Data shown →
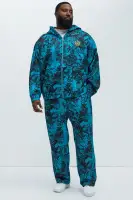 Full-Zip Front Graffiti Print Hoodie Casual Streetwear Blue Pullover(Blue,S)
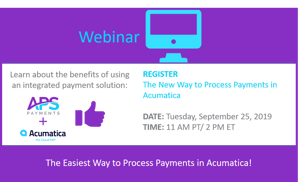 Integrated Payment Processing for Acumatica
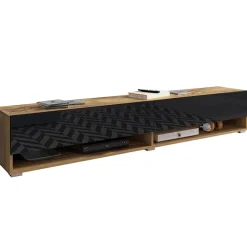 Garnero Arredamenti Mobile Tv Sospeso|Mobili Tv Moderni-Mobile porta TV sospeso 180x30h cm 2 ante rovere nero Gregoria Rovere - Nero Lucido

---

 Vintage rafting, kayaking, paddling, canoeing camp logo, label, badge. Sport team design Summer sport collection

...

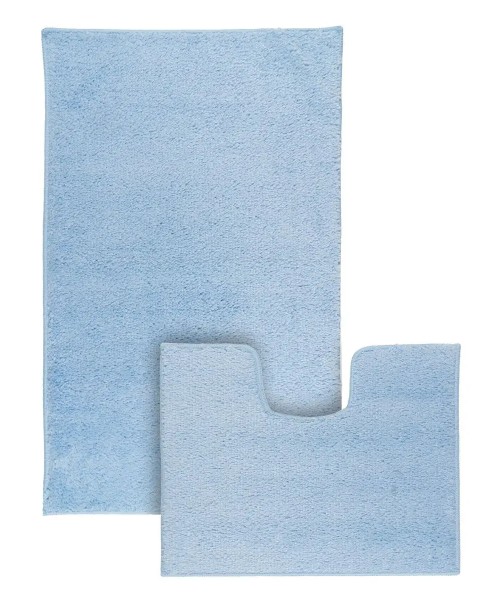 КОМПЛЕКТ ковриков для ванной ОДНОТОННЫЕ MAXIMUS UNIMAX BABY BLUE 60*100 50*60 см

What needs to be done → Set the pictures aside and reproduce exactly the lines above, from the line holding "Full-Zip Front Graffiti" through the line holding "Garnero Arredamenti Mobile", both included, with nothing else.

Solution to this task →
 Full-Zip Front Graffiti Print Hoodie Casual Streetwear Blue Pullover(Blue,S)
 Integrated Payment Processing for Acumatica
 Garnero Arredamenti Mobile Tv Sospeso|Mobili Tv Moderni-Mobile porta TV sospeso 180x30h cm 2 ante rovere nero Gregoria Rovere - Nero Lucido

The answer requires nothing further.